On this particular morning, however, I'm getting more than my fair share, as Luke has agreed to give me an interview for Card Player. I've known Luke since I first started playing poker in Dublin cardrooms more than three years ago, but Luke has been involved at the very heart of the Dublin poker scene almost from the beginning.
"This is where it all started," he said, "right here in this very room. I was 24, had been married for two years, and had just bought a house. I was studying accountancy and working in a butcher's. I was looking for a second job. My mother had worked as a cleaner here in the Merrion and two of my sisters as waitresses. I started out working three nights a week as a cashier and also worked two nights dealing five-card draw. I could make more in a night dealing than working a full week at the butcher's, but we were always told there was no guarantee the club would stay open. I ended up taking a gamble and decided to work full time in poker. That was 20 years ago."

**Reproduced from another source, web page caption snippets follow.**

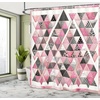 image:imageAmbesonne Pink Shower Curtain Blushy Fashion of Abstract Geometric Triangle Pattern with Stripes and Dots Cloth Fabric Bathroom Decor Set with Hooks 69 W x 70 L Blush White Dark GreyBlush White Dark Grey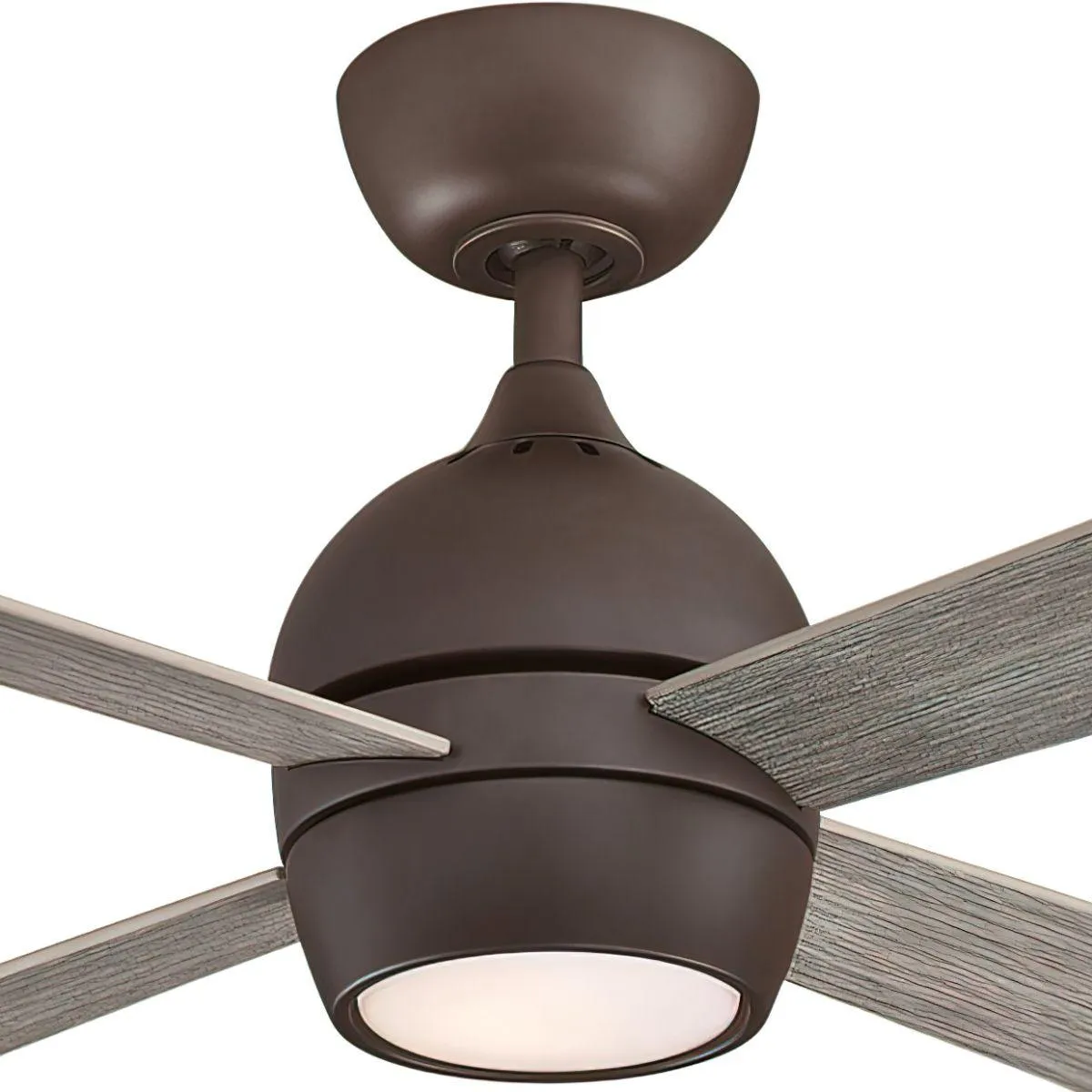 Kwad 52 Inch Matte Greige Modern LED Ceiling Fan with Remote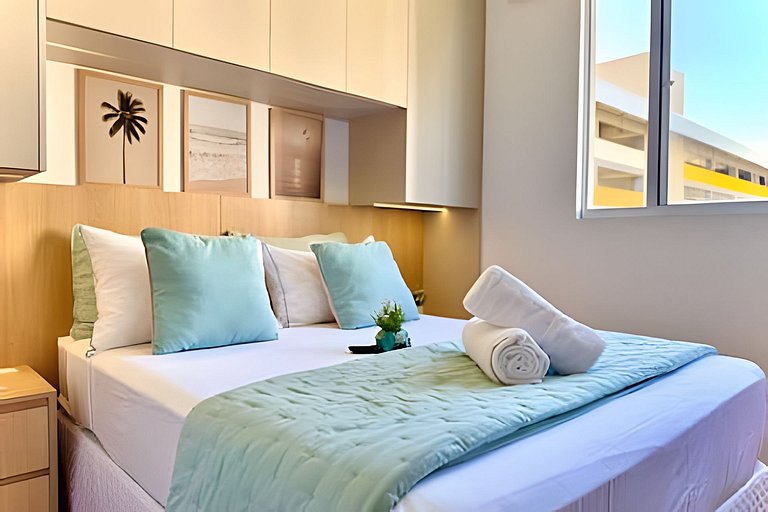 Pé na Areia c/ Piscina e Churrasqueira Privativa.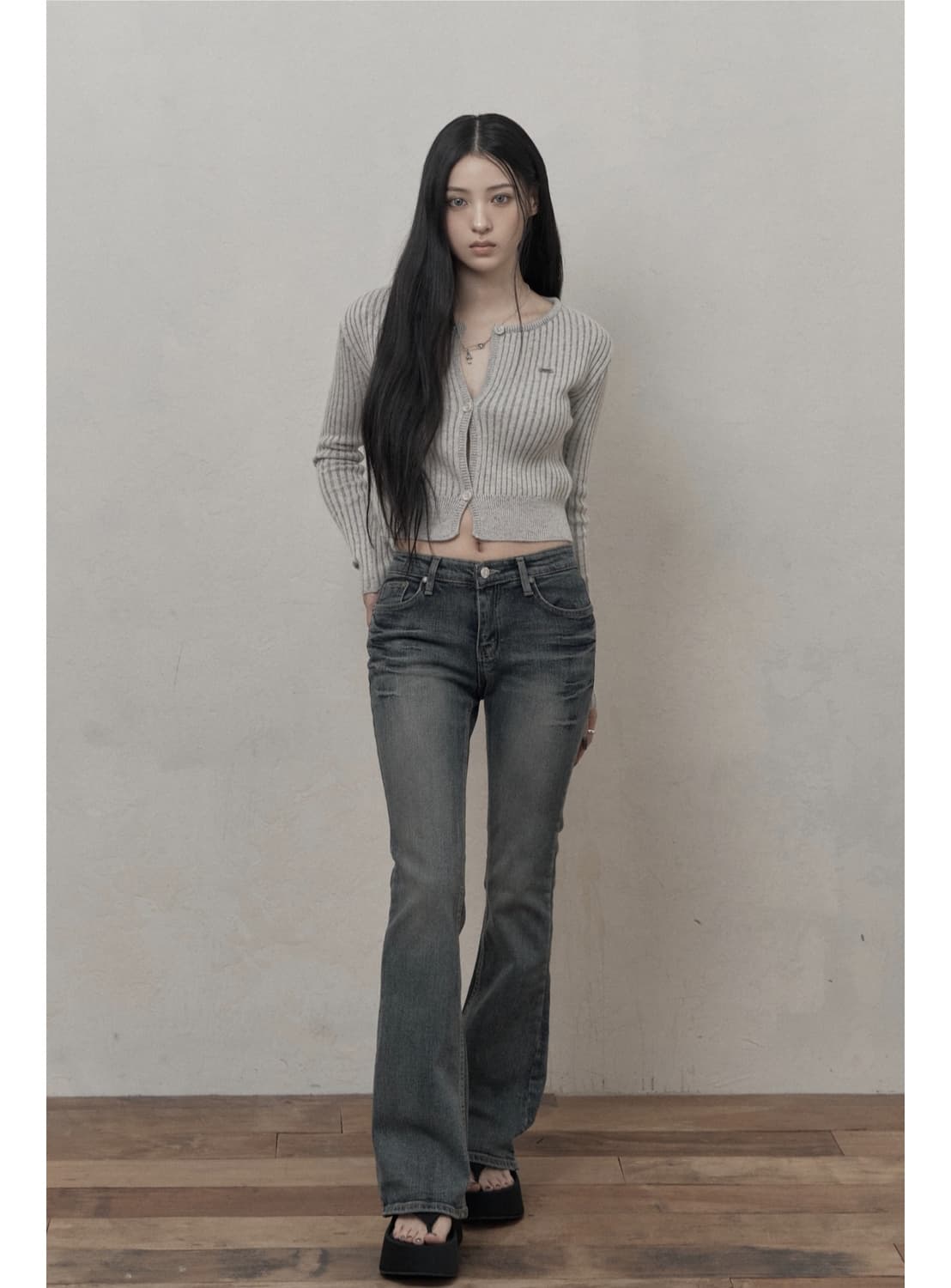 KHAKIPOINT 카키포인트 베이직 부츠컷 데님 상품이미지6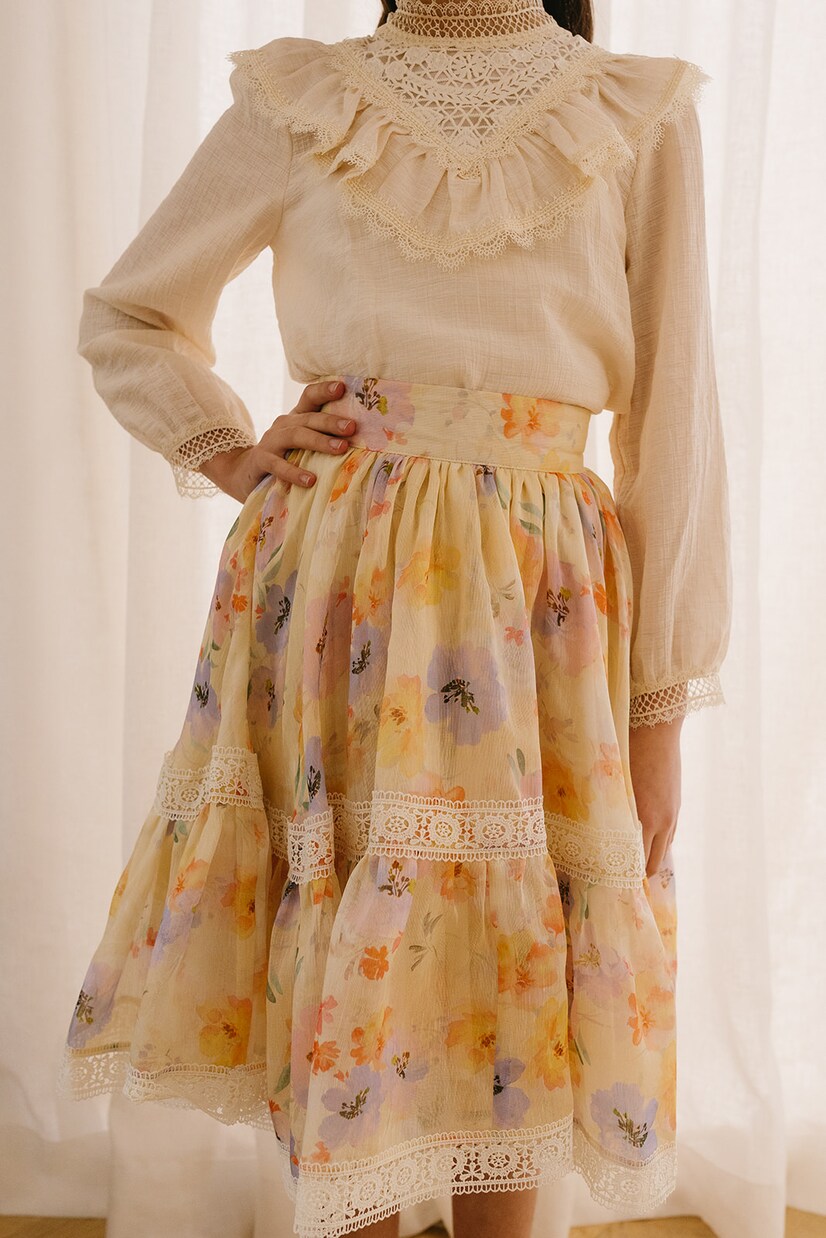 Abito in lino e seta con stampa | Petite Amalie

Although he didn't realise it at the time, Luke was honing his diplomacy skills long before he became a cardroom manager in an unlikely vocation at a butcher's. "One day, one of our regular customers came to the store and was standing there with a balaclava on. We knew it was him because he was huge. I mean, this man was built like a brick wall. We all just started laughing. 'Doesn't he look funny in the balaclava?' Then he produces a hatchet, gets one of the workers in a headlock, and goes for the till. At this point I'm still sort of laughing, because I know the man. I mean, he came into the shop all the time. I tried to break things up and he swings the hatchet at my head. He misses and hits me on the shoulder, but thankfully it was blunt. It still hurt, obviously. He managed to make off with about 60 pounds. Afterward, we realised one of the other guys working in the store was missing. We thought something had happened to him. Then there was knocking from inside the fridge. It was a bizarre and funny incident that I'll never forget. I've even met the man afterward on the street. Nothing was ever done about it. He was just a very desperate man who was down on his luck at the time."
Luke has always been a man of the people. He has a warmth and quirkiness about him that has drawn poker players in droves to his poker room. He always greets you with a firm handshake and a, "How are you keeping?" He has a knack of remembering everyone's name after his first visit.
"When I began working in the Merrion, I took an active involvement in the running of the games. Even when it wasn't really my responsibility, I would help out, sorting decks of cards, announcing 'blinds are up,' and even making rulings. Eventually, I ended up being in charge of running the tournaments."
In the late 1980's, Teddy Hickson - then the owner of the Merrion - decided that the best way to deal with the competition was to become the competition, and he formed a partnership with Brian Palmer, owner of the Jackpot casino on Montague Street, which was just a 10-minute walk from Merrion Square. The Jackpot then began running poker, which started to take customers away from the games in the Merrion. Many of the staff moved, but Luke stayed on.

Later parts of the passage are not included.